Cyklon Tauktae z ogromną siłą uderzył w Indie. Służby ratownicze wciąż szukają zaginionych osób. Wszystko wskazuje na to, że to nie koniec gwałtownej i niebezpiecznej pogody, ponieważ na morzu formuje się kolejny cyklon.
U wschodnich wybrzeży Indii formuje się kolejny cyklon, który może uderzyć w ląd w przyszłym tygodniu. W poniedziałek w zachodnie wybrzeże kraju uderzył najsilniejszy od kilkudziesięciu lat cyklon Tauktae. Zginęło co najmniej 110 osób, nadal trwają poszukiwania ofiar. Indyjskie służby meteorologiczne ostrzegły w czwartek, że układ niskiego ciśnienia nad Zatoką Bengalską, u wschodniego wybrzeża Indii, może przerodzić się w cyklon tropikalny, który najprawdopodobniej dotrze do lądu w środę. Dodano, że zagrożone żywiołem będą stany Bengal Zachodni i Orisa.
Wciąż szukają ofiar
W poniedziałek w zachodnie wybrzeże Indii uderzył najpotężniejszy od dekad cyklon Tauktae, który spowodował śmierć co najmniej 110 osób.

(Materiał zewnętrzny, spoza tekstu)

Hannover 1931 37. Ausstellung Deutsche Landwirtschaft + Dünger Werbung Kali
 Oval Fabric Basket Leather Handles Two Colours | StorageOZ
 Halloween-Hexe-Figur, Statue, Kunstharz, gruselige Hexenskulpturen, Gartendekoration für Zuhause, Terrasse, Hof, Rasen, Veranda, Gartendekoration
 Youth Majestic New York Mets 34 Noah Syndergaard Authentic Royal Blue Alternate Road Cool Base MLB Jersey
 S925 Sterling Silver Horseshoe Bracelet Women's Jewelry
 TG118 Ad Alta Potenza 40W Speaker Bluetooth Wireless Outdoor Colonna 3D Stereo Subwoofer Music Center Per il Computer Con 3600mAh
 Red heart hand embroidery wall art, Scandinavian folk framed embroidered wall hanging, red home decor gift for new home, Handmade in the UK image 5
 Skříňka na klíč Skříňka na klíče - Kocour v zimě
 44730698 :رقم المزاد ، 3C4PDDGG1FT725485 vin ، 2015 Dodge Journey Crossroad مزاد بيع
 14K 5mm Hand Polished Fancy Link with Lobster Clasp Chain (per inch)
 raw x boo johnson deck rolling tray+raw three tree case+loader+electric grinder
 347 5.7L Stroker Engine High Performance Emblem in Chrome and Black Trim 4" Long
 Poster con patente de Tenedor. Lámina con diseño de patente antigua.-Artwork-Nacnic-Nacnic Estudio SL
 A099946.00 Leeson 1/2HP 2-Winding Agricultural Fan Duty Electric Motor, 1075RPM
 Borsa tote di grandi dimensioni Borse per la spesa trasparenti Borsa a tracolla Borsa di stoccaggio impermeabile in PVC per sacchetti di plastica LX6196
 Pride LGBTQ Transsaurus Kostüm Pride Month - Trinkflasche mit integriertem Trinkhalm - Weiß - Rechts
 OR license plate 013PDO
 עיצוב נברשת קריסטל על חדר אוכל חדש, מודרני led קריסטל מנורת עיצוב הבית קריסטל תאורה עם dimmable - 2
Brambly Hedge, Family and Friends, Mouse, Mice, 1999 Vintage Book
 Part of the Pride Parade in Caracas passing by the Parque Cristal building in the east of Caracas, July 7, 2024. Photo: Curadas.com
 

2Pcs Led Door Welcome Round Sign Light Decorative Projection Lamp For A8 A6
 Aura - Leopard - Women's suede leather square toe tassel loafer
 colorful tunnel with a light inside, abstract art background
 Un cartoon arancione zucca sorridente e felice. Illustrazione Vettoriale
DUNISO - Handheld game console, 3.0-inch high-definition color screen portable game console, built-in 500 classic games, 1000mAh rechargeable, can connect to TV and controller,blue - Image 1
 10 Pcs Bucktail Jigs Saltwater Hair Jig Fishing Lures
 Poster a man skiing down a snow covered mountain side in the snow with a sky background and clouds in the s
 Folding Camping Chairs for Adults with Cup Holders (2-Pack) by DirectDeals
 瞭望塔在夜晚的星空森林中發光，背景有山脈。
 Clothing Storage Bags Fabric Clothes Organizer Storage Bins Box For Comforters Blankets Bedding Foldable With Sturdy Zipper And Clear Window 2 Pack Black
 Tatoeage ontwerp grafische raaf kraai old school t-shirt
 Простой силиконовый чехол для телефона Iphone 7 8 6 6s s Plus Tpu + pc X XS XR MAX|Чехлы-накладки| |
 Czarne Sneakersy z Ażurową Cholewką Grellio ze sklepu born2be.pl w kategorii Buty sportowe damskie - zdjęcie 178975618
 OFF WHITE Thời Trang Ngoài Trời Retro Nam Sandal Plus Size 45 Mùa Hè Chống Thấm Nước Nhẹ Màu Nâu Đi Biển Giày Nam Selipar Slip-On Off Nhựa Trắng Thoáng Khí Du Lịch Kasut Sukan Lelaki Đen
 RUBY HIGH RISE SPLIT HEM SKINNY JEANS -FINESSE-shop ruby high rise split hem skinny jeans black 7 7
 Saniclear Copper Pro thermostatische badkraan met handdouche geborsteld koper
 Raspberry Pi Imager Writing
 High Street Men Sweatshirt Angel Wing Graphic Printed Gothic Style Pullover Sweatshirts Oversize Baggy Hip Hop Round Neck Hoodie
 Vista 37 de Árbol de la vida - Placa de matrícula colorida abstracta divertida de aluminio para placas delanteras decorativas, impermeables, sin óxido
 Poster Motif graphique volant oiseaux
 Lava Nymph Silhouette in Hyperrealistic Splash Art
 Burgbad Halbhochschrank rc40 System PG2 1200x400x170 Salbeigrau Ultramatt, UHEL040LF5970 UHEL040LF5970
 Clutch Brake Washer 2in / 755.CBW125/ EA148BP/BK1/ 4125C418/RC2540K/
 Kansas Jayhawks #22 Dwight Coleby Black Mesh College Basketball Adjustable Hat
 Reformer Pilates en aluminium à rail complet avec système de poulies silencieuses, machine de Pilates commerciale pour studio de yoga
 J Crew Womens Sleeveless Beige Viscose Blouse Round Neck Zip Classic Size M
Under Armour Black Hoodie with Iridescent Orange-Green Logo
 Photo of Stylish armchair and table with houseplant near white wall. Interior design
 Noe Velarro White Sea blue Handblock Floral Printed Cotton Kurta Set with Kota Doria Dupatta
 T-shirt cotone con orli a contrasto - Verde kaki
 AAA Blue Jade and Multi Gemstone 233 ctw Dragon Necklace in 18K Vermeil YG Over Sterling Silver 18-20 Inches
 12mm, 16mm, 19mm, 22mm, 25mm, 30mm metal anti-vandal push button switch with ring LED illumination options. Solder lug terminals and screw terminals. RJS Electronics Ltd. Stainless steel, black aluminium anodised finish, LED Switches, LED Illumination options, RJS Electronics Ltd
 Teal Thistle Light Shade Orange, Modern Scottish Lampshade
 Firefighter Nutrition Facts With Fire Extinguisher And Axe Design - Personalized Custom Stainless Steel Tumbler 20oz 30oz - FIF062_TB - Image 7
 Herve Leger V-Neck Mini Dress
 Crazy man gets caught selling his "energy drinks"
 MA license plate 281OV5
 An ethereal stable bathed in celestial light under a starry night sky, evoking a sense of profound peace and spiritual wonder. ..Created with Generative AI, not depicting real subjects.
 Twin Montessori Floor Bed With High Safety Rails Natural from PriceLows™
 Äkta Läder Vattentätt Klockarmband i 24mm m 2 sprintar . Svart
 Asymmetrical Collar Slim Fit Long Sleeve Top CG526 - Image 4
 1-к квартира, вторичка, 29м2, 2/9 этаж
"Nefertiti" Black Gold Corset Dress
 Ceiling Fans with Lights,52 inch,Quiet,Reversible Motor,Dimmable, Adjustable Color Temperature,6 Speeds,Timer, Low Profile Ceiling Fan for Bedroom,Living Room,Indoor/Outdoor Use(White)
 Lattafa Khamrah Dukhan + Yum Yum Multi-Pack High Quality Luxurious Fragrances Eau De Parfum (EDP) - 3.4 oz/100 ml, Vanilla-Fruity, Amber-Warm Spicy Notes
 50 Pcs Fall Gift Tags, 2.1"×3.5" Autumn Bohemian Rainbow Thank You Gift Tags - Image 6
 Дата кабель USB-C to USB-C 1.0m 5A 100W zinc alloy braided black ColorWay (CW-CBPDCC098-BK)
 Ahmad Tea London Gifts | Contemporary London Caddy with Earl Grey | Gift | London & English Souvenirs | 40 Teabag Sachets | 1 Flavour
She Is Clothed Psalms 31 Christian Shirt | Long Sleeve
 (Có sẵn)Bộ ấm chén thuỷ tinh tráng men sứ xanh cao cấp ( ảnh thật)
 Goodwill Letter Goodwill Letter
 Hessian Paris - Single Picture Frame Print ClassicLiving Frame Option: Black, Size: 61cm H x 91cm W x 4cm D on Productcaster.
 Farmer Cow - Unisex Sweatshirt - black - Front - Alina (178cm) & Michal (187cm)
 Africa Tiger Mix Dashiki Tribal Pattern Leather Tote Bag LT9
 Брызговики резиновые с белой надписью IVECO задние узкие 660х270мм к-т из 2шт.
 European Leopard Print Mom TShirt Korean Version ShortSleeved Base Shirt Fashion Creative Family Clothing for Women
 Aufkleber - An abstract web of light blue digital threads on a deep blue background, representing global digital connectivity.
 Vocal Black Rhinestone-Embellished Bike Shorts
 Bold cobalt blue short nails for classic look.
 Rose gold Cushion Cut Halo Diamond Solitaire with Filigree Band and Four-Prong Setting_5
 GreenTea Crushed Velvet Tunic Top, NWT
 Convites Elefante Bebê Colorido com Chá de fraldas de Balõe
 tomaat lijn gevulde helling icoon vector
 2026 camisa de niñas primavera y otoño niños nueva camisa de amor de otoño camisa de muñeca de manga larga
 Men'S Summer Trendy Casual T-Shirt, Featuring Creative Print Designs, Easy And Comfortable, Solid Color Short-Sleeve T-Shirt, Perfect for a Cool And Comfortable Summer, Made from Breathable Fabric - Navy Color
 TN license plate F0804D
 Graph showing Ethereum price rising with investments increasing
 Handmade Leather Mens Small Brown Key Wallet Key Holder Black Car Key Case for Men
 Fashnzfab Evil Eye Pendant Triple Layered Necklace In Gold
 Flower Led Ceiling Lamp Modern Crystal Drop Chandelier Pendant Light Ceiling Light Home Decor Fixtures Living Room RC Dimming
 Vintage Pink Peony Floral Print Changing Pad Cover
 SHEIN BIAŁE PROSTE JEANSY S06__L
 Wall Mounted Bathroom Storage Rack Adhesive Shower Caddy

Najbardziej ucierpiał stan Gudźarat, w którym wiatr między innymi powalił dziesiątki tysięcy drzew, powodując przerwy w dostawie prądu. Region został również nawiedzony przez ulewne deszcze, żywioł zniszczył tysiące domów. Według lokalnych władz w Gudźaracie do środy potwierdzono śmierć 53 osób, ale lokalne media informują o większej liczbie ofiar. Około 200 tysięcy mieszkańców ewakuowano z zagrożonych terenów.
Cyklon uderzył także w stan Maharasztra i położone u wybrzeży Indii platformy wydobywcze oraz obsługujące je statki.
Wciąż trwają poszukiwania 38 osób, które najprawdopodobniej zatonęły na jednej z barek mieszkalnych. Wcześniej z platform i statków ewakuowano kilkaset osób, odnaleziono także ciała 37 ofiar.
Według ekspertów z powodu zmiany klimatu i ocieplenia temperatury mórz cyklony tropikalne w rejonie Indii są coraz częstsze i silniejsze.